Progress was very slow. Distant firing broke the stillness of the night. Sometimes
it sounded very near as we approached a town. Another two days' travel, we got to Boulogne. There we found not peace but plenty of excitement. The bombing we had so far received in the first town I was at, was nothing to it. Here it was incessant until midnight and began again at six in the morning. We made for the shelter. Machine-guns went into action.
All day Wednesday, May 23, the Germans made several attempts to bomb the town. Only a little factory caught fire. Fighting was so intense and incessant that I was unable to say Mass. The first bomber to come over was brought down. On Wednesday evening frequent raids followed each other. Anti-aircraft batteries replied.
That evening we all marched out about eight miles along the coast. Our advance guards covered us. As we left the town intense fighting and bombing was going on. One thing I noticed in air-raids is that all the glass in the vicinity breaks. Everywhere one could hear glass smashing.
At one time our own guards fired on us by mistake but there were no casualties. After a rest of two hours we returned. Our men took up positions on the docks. It was Thursday, the feast of Corpus Christi. Refugees thronged the dock-gates. Mt armed guard had to keep them back. A wounded soldier was admitted. The nearest ambulance was treating a sick mother. We got him to the next one.
At seven o'clock three bombers swooped down. The first one was brought' down. Then others came on in droves of six at a turn. They made two hundred attempts on the dock bridge. The only damage they did was about a yard's width at the outside. Anti-aircraft guns, machine-guns, Bren and even Lewis guns kept them at bay.
More bombers came and continued for three hours. One incendiary bomb exploded and burned a lorry within ten yards of me. Luckily it did not spread. Ammunition was taken out in turn by our men. More and more of it came along. One lorry was hit. The occupants escaped.

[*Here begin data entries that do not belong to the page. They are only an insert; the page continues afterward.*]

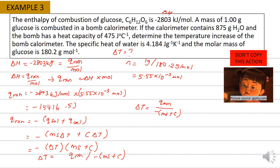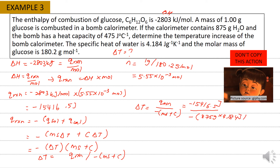Delta T equals Q-reaction divided by negative (M times S plus C): negative 15,560 joules divided by negative (875 gram times 4.184 joule per gram Kelvin plus 475 joule per Kelvin), giving delta T equals 3.73 degrees C or Kelvin.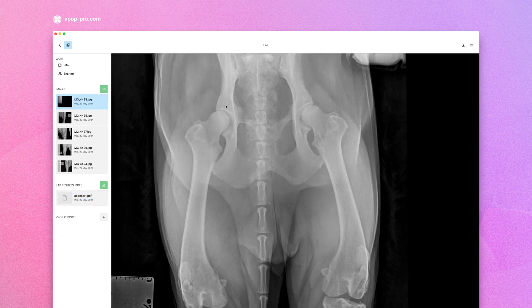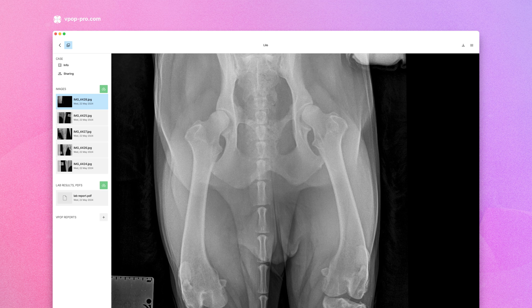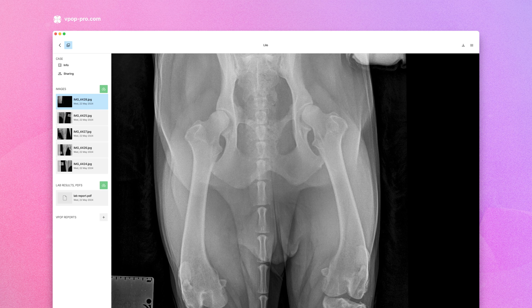Feel free to add radiographs, DICOMs, or any other relevant images. VPOP will automatically complete case info from metadata in DICOM images. Add any relevant PDF files such as lab results and reports.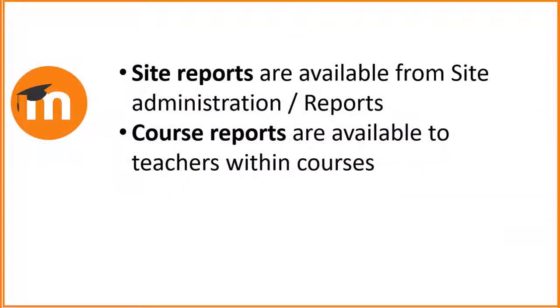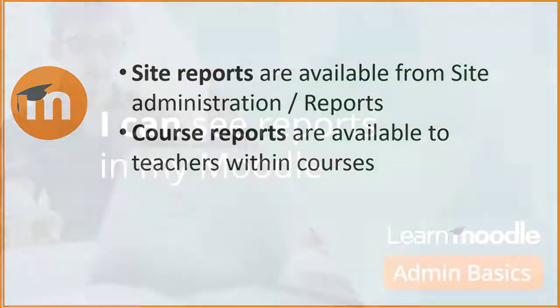To summarize, site reports are available from site administration reports. Course reports are available to teachers within courses.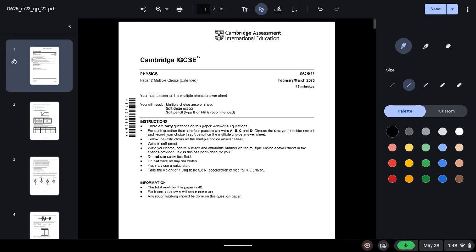Assalamu alaikum students, today we will be solving Cambridge IGCSE Physics Paper 2, Variant 2 of February/March 2023. A quick reminder that all of the revenue generated from these videos will go to the aid of our Palestinian brothers and sisters, so please support us.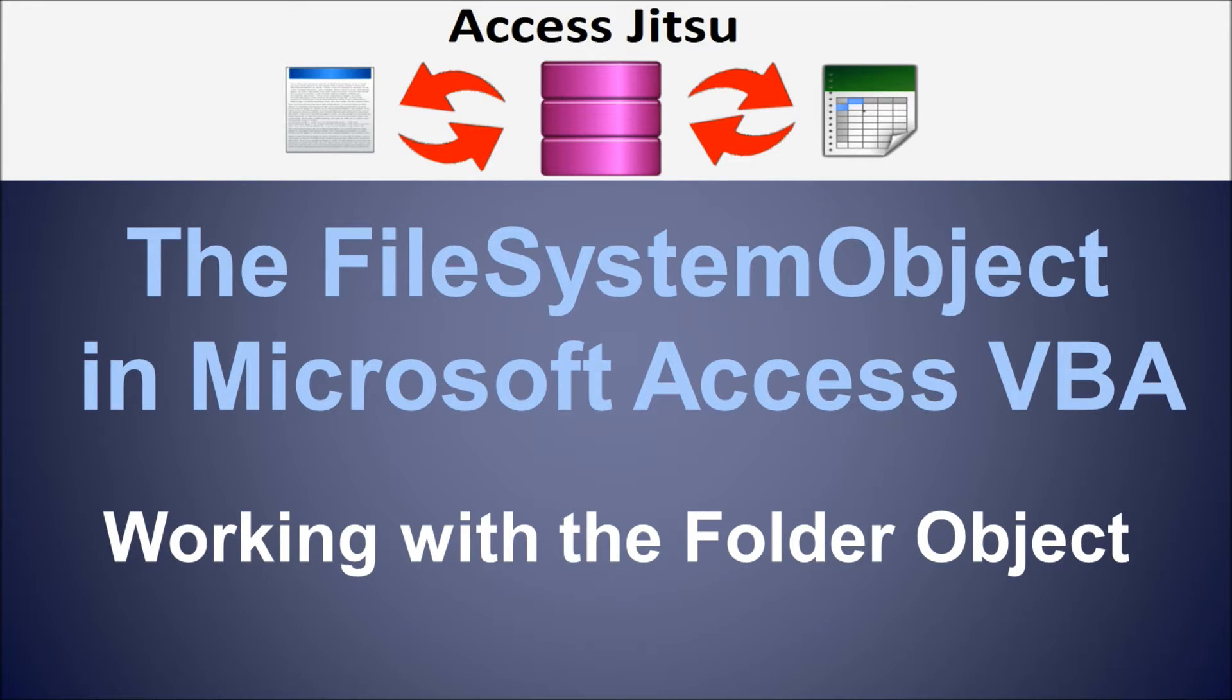Hey everybody, welcome to our video on the folder object of the Microsoft Access VBA file system object.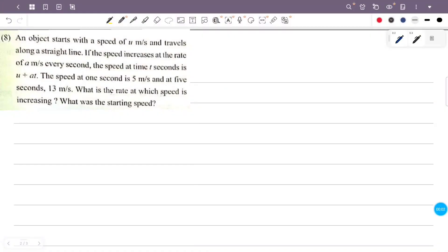An object starts with a speed of u meters per second and travels along a straight line. If the speed increases at the rate of a meters per second every second, the speed at time t seconds is u plus at. The speed at 1 second is 5 meters per second and at 5 seconds is 13 meters per second. What is the rate at which speed is increasing? What was the starting speed?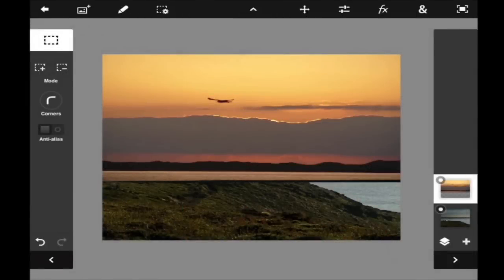Hello everyone, my name is Sharon. Today I'm going to guide you guys through the Photoshop Touch interface.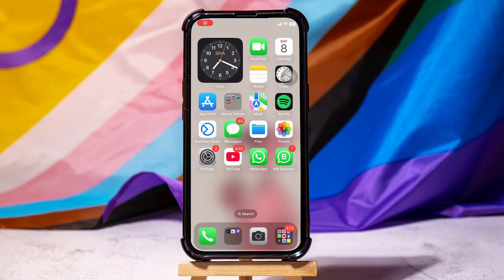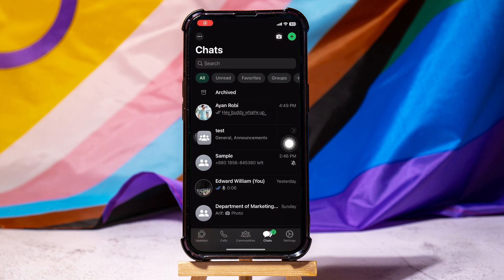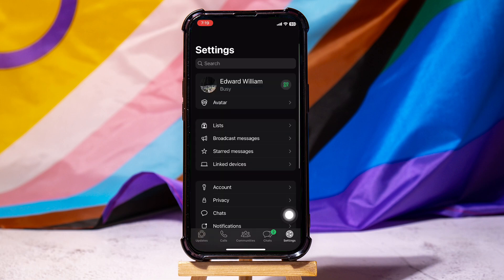How to create a hyperlink in a WhatsApp message. To get started, first of all, you need to open the WhatsApp application on your phone. You will then be taken to this page where you can view your chat list. Go to Settings at the bottom right corner.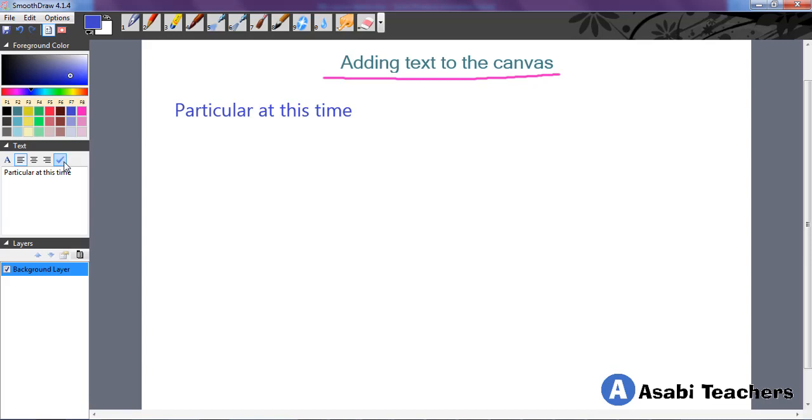Or else you need to delete or erase it, or you undo to clear it out on the canvas.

Finally about 12 o'clock the bombers seemed to have run out of stuff and we all gathered to another part of the town.
After lunch the attack took on a new intensity. Black planes came over in dozens. The French and British were even more ready now than in the morning. About 500 of our troops were in a wood to the north of the docks.
All the planes dived to wreck the docks. Machine-guns, coastal batteries and antiaircraft batteries kept up a very quick attack. Meanwhile to our delight up the river came a destroyer and the gallant Navy came into action. The noise was terrific. When the naval guns spoke the ground under us shook. One destroyer brought down three Hienkel bombers in an hour. A small French boat was sunk. No one was lost in it. If you did not open your mouth at the report of these naval guns you would get concussion.
What an End !
Meanwhile some of our men were taken in twenties and had to run down to the jetty and then on to a small boat and then on to the destroyer. After the French boat had been sunk they were not taken that way. Despite the fierce fighting they were marched right down on to the docks and on to the destroyer.
There were Irish and Welsh troops, members from a great number of units that had lost their fellows and had joined together. There were officers without men and men without their leaders. Finally the destroyers took off about 2,000. My last glimpse of Boulogne was one mass of fire being shelled from the sea.